Cumhurbaşkanı Recep Tayyip Erdoğan'ın son dönemde reform vurgusu yaptığını hatırlatan Çavuşoğlu, "Başta 15 Temmuz hain darbe girişimi dahil karşı karşıya kaldığımız zor dönemlerin travmalarını atlatırken reforma tekrar ağırlık veriyoruz. Bir taraftan terör ile mücadelemizi sürdüreceğiz, diğer taraftan reform sürecine de ivme kazandıracağız. Ocak ayında AB ile temaslarımızın hızlanacağını görüyoruz. Portekiz dönem başkanlığını üstleniyor, 7-8 Ocak'ta Portekiz ve İspanya'yı ziyaret ediyoruz, onların daveti üzerine. Belçika Dışişleri Bakanı da ocak ayının ortasında ülkemizi ziyaret ediyor. Ocak ayı içinde Türkiye'deki AB ülkelerinin büyükelçileri ile bir araya geleceğiz. Fransa samimiyse ilişkilerimizi normalleştirebiliriz. Fransa'nın ya da başka ülkenin attığı adıma karşı sessiz kalmamız mümkün değil" diye konuştu.
ABD ile ilişkilerin var olan sorunların gölgesinde geçtiğini belirten Bakan Çavuşoğlu, "FETÖ sorunu devam ediyor. ABD'nin özellikle Suriye'nin kuzeyinde PKK/YPG'ye yönelik desteği devam etti. S-400 konusu sürekli gündemdeydi. CAATSA yaptırım kararını da açıkladılar. Yaptırımın hafif ya da ağır olmasını önemli değil. Her şeyden önce siyasi ve hukuki olarak yanlış bir karar, egemenlik hakkımıza saldırıdır. ABD yaptırım kararından sonra daha önce bizim teklif ettiğimiz 'gelin birlikte ortak çalışma grubu kuralım ve bu konuyu kendi aramızda çözmeye çalışalım' teklifinde bulunmuştuk. Şimdi o teklif ABD tarafından geldi. Biz her zaman diyalogdan yana olduğumuz için o teklife 'evet' dedik, görüşmeler de başladı. 2021'de yeni yönetimle ilişkilerimizi daha sağlıklı bir şekilde götürmek için biz hazırız.
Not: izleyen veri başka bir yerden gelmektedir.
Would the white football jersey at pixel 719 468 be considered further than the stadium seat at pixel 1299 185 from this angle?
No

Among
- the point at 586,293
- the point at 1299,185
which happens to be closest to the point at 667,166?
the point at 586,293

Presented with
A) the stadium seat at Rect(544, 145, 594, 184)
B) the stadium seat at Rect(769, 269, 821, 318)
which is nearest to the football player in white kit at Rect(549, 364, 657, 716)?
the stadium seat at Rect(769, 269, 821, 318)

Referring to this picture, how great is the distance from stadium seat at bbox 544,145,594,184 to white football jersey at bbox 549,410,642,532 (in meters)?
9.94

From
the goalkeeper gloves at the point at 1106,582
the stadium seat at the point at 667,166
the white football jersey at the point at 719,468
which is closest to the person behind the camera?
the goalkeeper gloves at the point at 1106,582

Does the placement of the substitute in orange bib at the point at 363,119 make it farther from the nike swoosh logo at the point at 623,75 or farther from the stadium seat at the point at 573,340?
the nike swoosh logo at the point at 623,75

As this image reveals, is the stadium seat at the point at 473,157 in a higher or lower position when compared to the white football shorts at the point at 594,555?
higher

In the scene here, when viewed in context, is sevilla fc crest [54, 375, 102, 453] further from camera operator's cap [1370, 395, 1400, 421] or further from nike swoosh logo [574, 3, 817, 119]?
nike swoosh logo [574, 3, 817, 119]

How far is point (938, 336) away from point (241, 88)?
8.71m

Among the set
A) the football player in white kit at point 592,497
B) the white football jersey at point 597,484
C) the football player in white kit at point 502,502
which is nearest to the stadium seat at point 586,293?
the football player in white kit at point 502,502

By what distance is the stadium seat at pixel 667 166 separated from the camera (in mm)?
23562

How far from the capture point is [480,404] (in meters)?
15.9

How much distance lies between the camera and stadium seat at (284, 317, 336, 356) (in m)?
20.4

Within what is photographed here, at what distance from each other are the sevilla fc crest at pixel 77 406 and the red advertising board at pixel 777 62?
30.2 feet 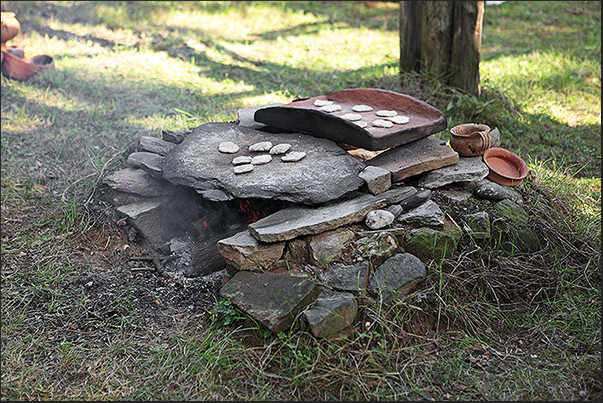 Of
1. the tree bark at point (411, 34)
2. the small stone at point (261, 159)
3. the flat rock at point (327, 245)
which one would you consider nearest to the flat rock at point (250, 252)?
the flat rock at point (327, 245)

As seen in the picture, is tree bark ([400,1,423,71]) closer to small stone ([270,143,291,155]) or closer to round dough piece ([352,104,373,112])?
round dough piece ([352,104,373,112])

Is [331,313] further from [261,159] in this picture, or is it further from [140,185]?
[140,185]

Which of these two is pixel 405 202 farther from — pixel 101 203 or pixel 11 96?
pixel 11 96

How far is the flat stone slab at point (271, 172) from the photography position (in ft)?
9.62

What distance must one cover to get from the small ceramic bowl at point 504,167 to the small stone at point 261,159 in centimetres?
153

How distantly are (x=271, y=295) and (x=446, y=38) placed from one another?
3.86 metres

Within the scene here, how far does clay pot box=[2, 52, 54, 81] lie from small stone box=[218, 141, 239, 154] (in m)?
3.85

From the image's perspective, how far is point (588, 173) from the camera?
14.1 ft

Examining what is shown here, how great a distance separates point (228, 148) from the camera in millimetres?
3438

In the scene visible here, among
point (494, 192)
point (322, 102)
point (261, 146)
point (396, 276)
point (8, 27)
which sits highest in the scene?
→ point (8, 27)

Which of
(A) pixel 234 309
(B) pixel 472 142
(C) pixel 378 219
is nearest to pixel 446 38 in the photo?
(B) pixel 472 142

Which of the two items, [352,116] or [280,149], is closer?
[280,149]

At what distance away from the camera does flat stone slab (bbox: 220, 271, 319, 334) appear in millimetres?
2434

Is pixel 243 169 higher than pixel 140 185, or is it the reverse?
pixel 243 169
Saydığım sorunların çözümü konusunda da adım atmaya da varız, umarım yeni yönetim de bu anlayış içinde olur" ifadesini kullandı.
Bakan Çavuşoğlu, "2020'de terörle mücadelede hız kesmedik. PKK ve FETÖ'ye karşı duyarlılığın farklı ülkelerde arttığını görüyoruz. Bu yıl 9 FETÖ okulu kapatıldı, 3'ü devralındı. Bir tanesi de kamulaştırıldı. Bayrağımızın dalgalandığı her yerde vatandaşlarımıza kaliteli hizmet vermeyi prensip edindik. 2021'e yabancı düşmanlığı konularında Batı'da yaşanan gelişmelere ilişkin yıllık rapor uygulamasını başlatacağız. Bu tür eylemleri listeleyeceğiz, rapor haline getireceğiz, uluslararası örgütler ile paylaşacağız. Ekonomi diplomasisi önceliğimizdir, önceliğimiz olmaya devam edecek. Yeni büyükelçilik açtığımız ülkelerde ticaretimiz yüzde 27 artmış. 2021'de önceliğimiz yine diyalog ve diplomasi olacak. Yeri geldiği zaman 2020'de olduğu gibi sert gücü kullanmakta da tereddüt etmeyiz. Gerek Avrupa gerek AB ile yeni sayfalar açabiliriz. Bu sadece bize bağlı değil, onların da aynı anlayışta olması gerekiyor. Terör ile mücadelemizi kararlılıkla sürdürmemiz lazım. Milletimizin çıkarı ne yöndeyse o yönde dış politika izleyeceğiz. 2021 yılı diplomasinin şahlandığı yıl olacak" diye konuştu.